Sunday, December 19, 2021
New Crew of Blue
CVTC instructors bring female chief featured in documentary to speak to class
Melissa Chiodo spoke to CVTC criminal justice students recently. The chief of Inver Grove Heights Police Department in Minnesota was featured in a documentary titled Women in Blue that was released in 2020. She was asked to address students to give them a real-life perspective of the profession.
Police Chief Melissa Chiodo said, at one point during her 25 years in law enforcement, her career lost its shine.
During that time, Chiodo had to take a step back to reflect on why she entered the field. She wants recruits to learn from her highs and lows. That’s what she told about 20 criminal justice students recently at Chippewa Valley Technical College.
“Chief just happens to be my title. I wanted the students to see me as a person,” Chiodo said of her time spent talking to the students. “I wanted them to know why I went into law enforcement and why I continue to do it. I wanted to impress upon them that they need to know their why.”
Now the chief of Inver Grove Heights Police Department in Minnesota, Chiodo was featured in a documentary titled Women in Blue, released in 2020.
When Kyle Roder, a CVTC criminal justice instructor, came across the documentary, he knew Chiodo would be an impactful speaker for students in his class.
In their first semester course, Roder and other criminal justice instructors help students explore professionalism, the use of force, and mental health regarding the community and officer wellness.
“We use different speakers who work in the criminal justice profession to come in each week to share about their own backgrounds, experiences, unique roles in the criminal justice system and their agencies, while also addressing the three main course topics from their own perspective,” Roder said.
Within the coursework, students look at diversity in policing, including females in law enforcement, he said.
The Women in Blue documentary was a great segue into the conversation for Roder.
When he watched the award-winning film, he learned that then-Minneapolis Police Chief Janee Harteau’s goal was to promote more females with her agency, and saw then-Minneapolis Police Commander Chiodo in the film, he contacted Chiodo, and she agreed to speak to the class.
“We are always looking to expose our students to a diverse group of presenters,” Roder said. “We were thankful Chiodo agreed to come to our campus in person and talk to the students.”
Women in Blue
In 2017, film producer Dierdre Fischel was looking for a police department to feature. She wanted to tell the story of women in law enforcement, said Chiodo. The producer went to cities with a significant population and landed on Minneapolis – a department with two female leaders.
When Chief Harteau asked who in the department was interested in being featured, Chiodo opted out.
“I didn’t want anything to do with this,” she said. “My life is pretty boring outside of work. I thought it was done.”

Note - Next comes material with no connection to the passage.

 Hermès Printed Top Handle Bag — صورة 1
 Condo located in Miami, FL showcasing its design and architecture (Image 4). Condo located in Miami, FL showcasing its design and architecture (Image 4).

But weeks later, when Harteau suggested Chiodo take the opportunity, she agreed. But she didn’t know what to expect.
“When they follow you for so long, you wonder what’s going to be in there,” Chiodo said of the documentary. After viewing the film, the officers appearing in the film were impressed.
Chiodo said it was comforting to see that women officers have similar struggles and feelings day-to-day.
“I’ve had a lot of women reach out to me. I think (the documentary) really started the conversation,” Chiodo said. “It made it OK to have conversations. We can do the job, and we have unique things we bring to it. It really started a movement on what does it mean to be a woman in policing.
“But at the end of the day, when something goes wrong, we are only viewed as police officers.”
Chiodo wants CVTC criminal justice students to know the emotional ins and outs of the job.
On the day of Chiodo’s presentation to the class, she left her uniform at home. She wanted students to realize she’s a person first, then a chief.
The students were riveted. They had well-prepared questions for Chiodo, they were engaged, and they received a message about understanding and working with diverse coworkers and community members, instructor Roder said.
“Our goal is to give them real-life perspective to prepare them for their future roles in the criminal justice system so they can best serve our communities,” he said. “This is a difficult time for police officers.”
Fewer people are applying to work in the profession, Roder said.
“Officers are stretched too thin with people outside of the profession expecting too much in areas that often are not police functions,” he said. “We talk about all of this in class – not to be negative, but to be real.”
He said even with heightened criticism, instructors let students know that local law enforcement agencies are not lowering their standards to attract candidates.
“We let our students know that they need to strive to be perfect 100 percent of the time while acknowledging that it is not possible.”
Despite the many challenges students will face in their careers, Roder, a former officer, and Chiodo are passionate about the profession.
“There are wins every day. It’s about recognizing those wins,” Chiodo said. “This has been one of the lowest points as far as public opinion, but we don’t want people to be dissuaded. These students are in the same spot I was 30 years ago – the excitement and anxiety. If they’re already thinking about all of this, they’re already a step ahead.”